H&K: Was war denn der Auslöser?
Raue: Meine Stellvertreter haben Jahre mit mir verbracht, und von heute auf morgen waren die einfach weg, ich habe von ihnen nichts mehr gehört. Im Gespräch hat mir dann der ein oder andere gesagt: „Chef, Sie ordnen alles unter.“ Wenn ich 16 Stunden oder mehr arbeiten muss, trink ich nicht, ess ich nicht, ich geh nicht auf die Toilette. Ich kann alles ausschalten. So sind nicht alle Menschen. Wenn alle sagen, puh, ich bin fertig, dann schalte ich noch ’nen Gang höher. Ich kann zur Qual werden für meine Mitmenschen. Das muss man mögen.

Dass er das überhaupt sieht und dass er ständig an sich weiterarbeitet, hat er, so sagt er, auch der Frau an seiner Seite zu verdanken: Marie. Eine wahnsinnige Liebesgeschichte: Er war 19, mit seiner Gang in einer Disco. Da sah er sie auf der Tanzfläche. Ging wie in Trance hin, sagte ihr seinen Namen, irgendwann sagte sie ihren. Aber es war kein Rankommen an die Frau. Später stand er am Auto mit seinen Jungs, da tippte sie ihm auf die Schulter und gab ihm ihre Telefonnummer. „Willst du sie nicht aufschreiben?“, fragte sie noch verdutzt, weil er keine Anstalten machte. Nein, sagte er, die kann ich auswendig. Am nächsten Tag rief er sie tatsächlich an – und seitdem leben und arbeiten sie zusammen. Endlich ein Mensch, der ihn liebt und immer zu ihm hält.
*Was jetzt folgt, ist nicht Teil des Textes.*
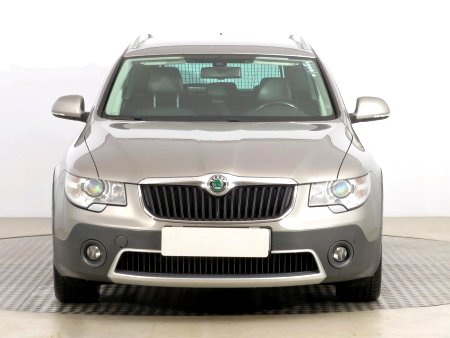 Škoda Superb, 2012 - pohled č. 2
H&K: Was schätzen Sie an Ihrer Frau besonders?
Raue: Sie hat eine gewisse Gelassenheit. Auf der anderen Seite ist sie so resolut, dass sie sagen kann: „Wir haben jetzt frei, hör auf, mich damit zu nerven.“

H&K: Sie betonen in Ihrem Buch immer wieder, dass Sie Berliner sind. Haben Sie auch so etwas wie ein Heimatgefühl?
Raue: Ich habe in meiner Kindheit eine Entwurzelung erfahren. Was mir immer gefehlt hat, war, dass ich tatsächlich einen Bezug zu einem Zuhause habe. Und bis heute, mit 37, bin ich durch mein Leben getrieben und habe eine stete Unruhe in mir. Irgendwie bin ich schon in Berlin verwurzelt, aber es wäre für mich immer möglich, nach Hongkong oder Singapur zu gehen.

H&K: Wenn jemand kommt und sich bei Ihnen bewirbt, sehen Sie sich dann manchmal selbst in denen, die da kommen?
Raue:Nein. Vielleicht, weil ich aus der Zeit von mir ein sehr verschwommenes Bild habe. Das äußere Erscheinungsbild ist mir wichtig. Ich achte darauf, dass jemand nicht an Körperstellen, die man sieht, tätowiert oder gepierct ist, ich finde das nicht witzig. Unser Beruf ist ein sehr sozialer: Wir geben Menschen etwas, da geht es nicht um Selbstdarstellung. Ich achte stark auf Hygiene. Wenn jemand Maulwurffinger hat, dreckig und ungepflegt, dann sage ich schnell: „So kommst du mir nicht in die Küche.“ Was mir wichtig ist, ist Willensstärke. Ich nehme lieber jemanden, der schon zwei-, dreimal an die Wand gefahren ist, aber Kraft hat.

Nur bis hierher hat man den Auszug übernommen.